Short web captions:
* * *

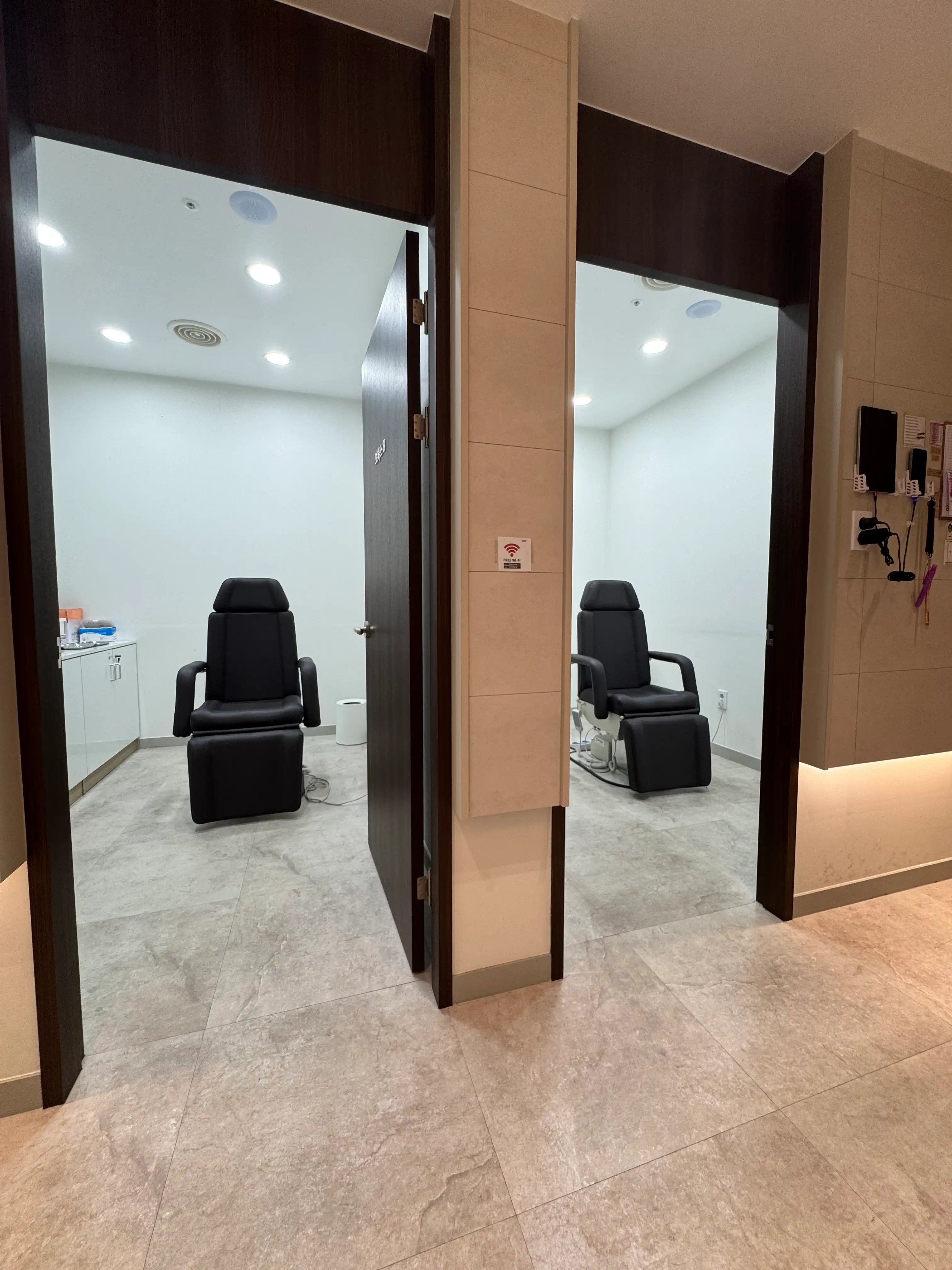 Maypure Clinic Inha University Station Branch 20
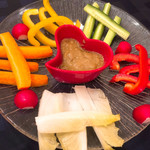 洋食ビストロ ドンピエールハート - 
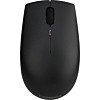 Lenovo GX30K79401 egér Kétkezes Vezeték nélküli RF Lézer 1000 DPI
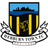 Hebburn Town logo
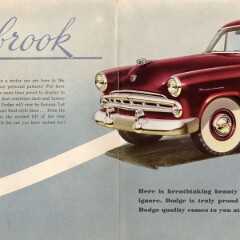1953 Dodge (Export)_Page_2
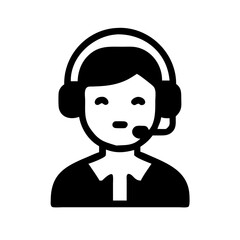 Assistance or help provided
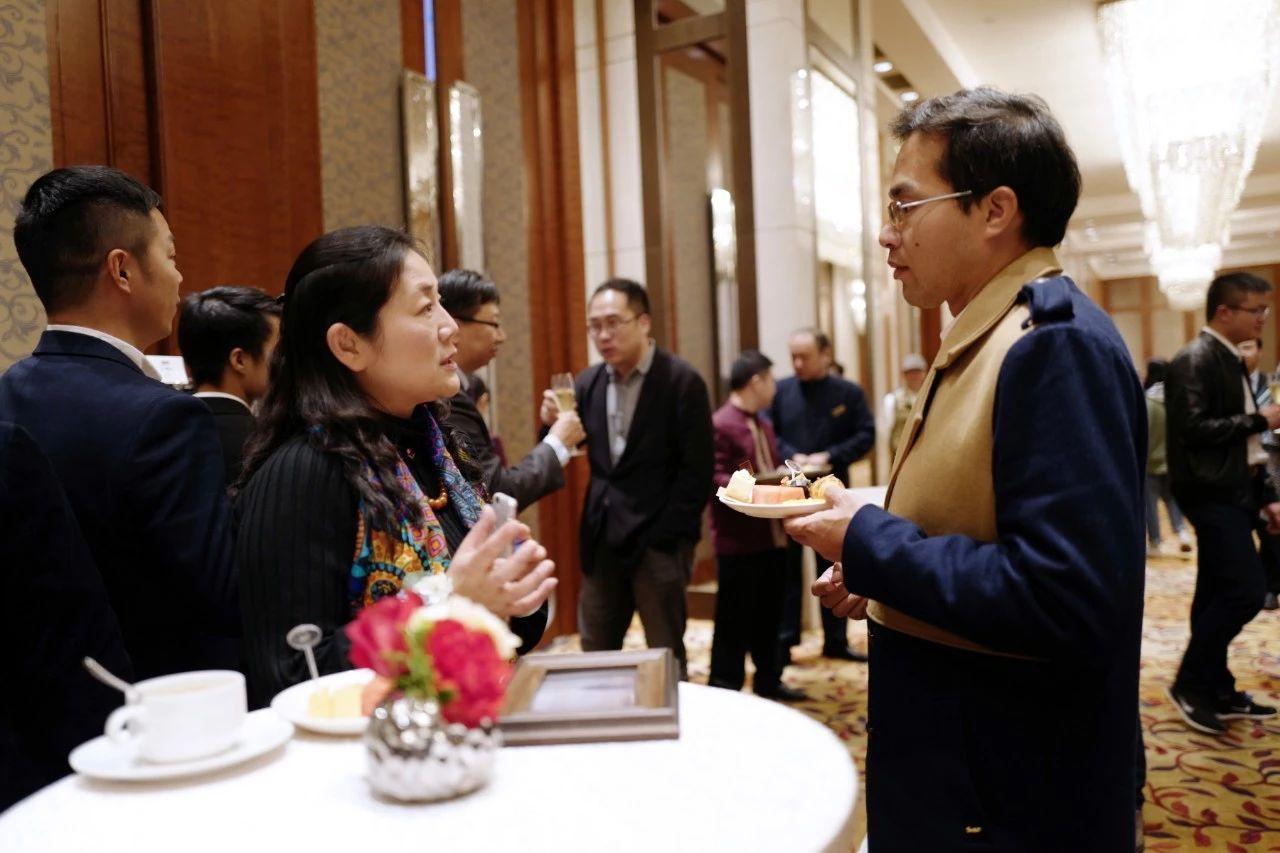 说明: http://src.leju.com/imp/imp/deal/c9/c8/8/051ee68154463c529e5e32182ec_p24_mk24_s500X0_s720x500.jpg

* * *

**BRIEF**: A faithful copy of every record is required, with no pictures included.

**EXERCISE RESULT**:
 Maypure Clinic Inha University Station Branch 20
 洋食ビストロ ドンピエールハート - 
 Lenovo GX30K79401 egér Kétkezes Vezeték nélküli RF Lézer 1000 DPI
 Hebburn Town logo
1953 Dodge (Export)_Page_2
 Assistance or help provided
 说明: http://src.leju.com/imp/imp/deal/c9/c8/8/051ee68154463c529e5e32182ec_p24_mk24_s500X0_s720x500.jpg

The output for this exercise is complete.